The data:

Segment Open

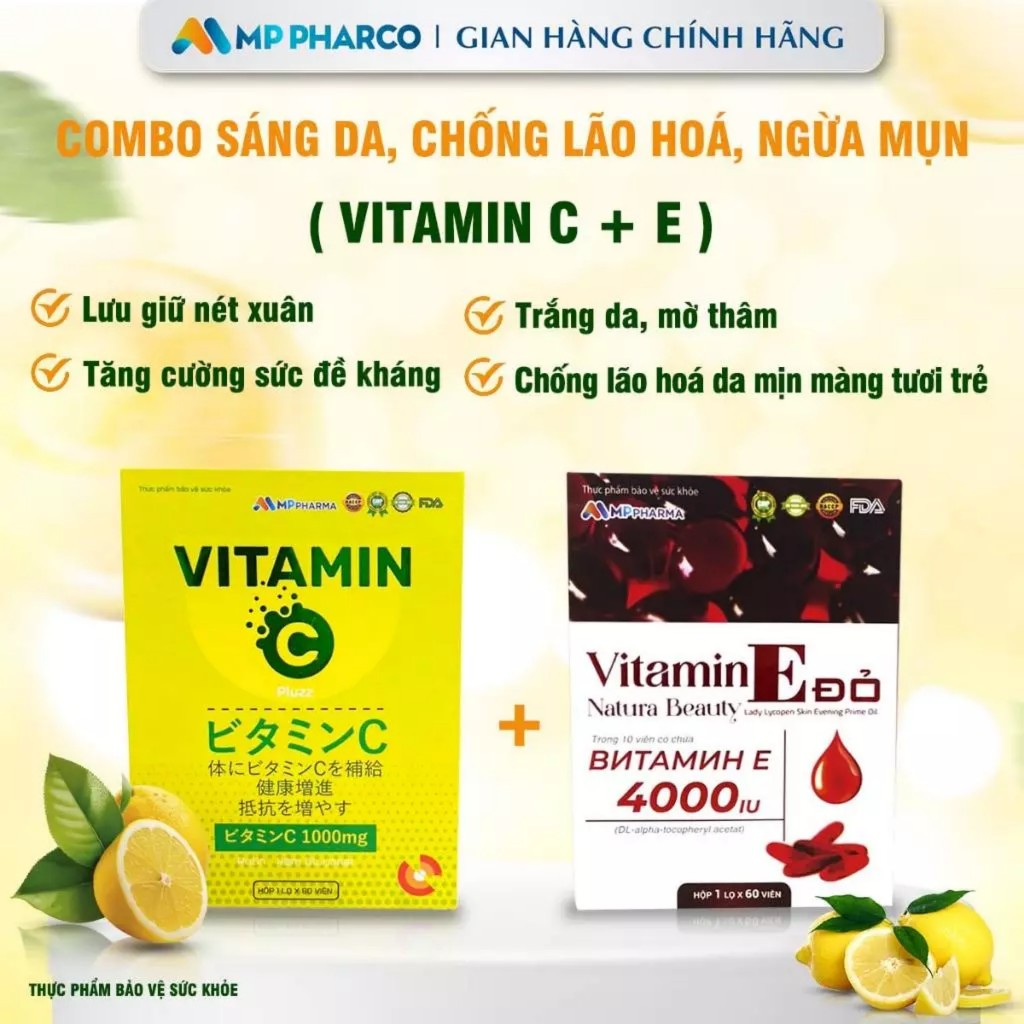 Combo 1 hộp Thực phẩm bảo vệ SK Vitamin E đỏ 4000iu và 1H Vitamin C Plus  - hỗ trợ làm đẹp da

Segment Closed
Segment Open

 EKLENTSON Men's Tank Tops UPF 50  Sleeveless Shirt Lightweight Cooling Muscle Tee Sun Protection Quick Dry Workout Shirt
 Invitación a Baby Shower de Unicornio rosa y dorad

Segment Closed

Work task: Working from the records above, write out verbatim only the lines from the line containing "EKLENTSON Men's Tank" through the line containing "Invitación a Baby".

Written response:
 EKLENTSON Men's Tank Tops UPF 50  Sleeveless Shirt Lightweight Cooling Muscle Tee Sun Protection Quick Dry Workout Shirt
 Invitación a Baby Shower de Unicornio rosa y dorad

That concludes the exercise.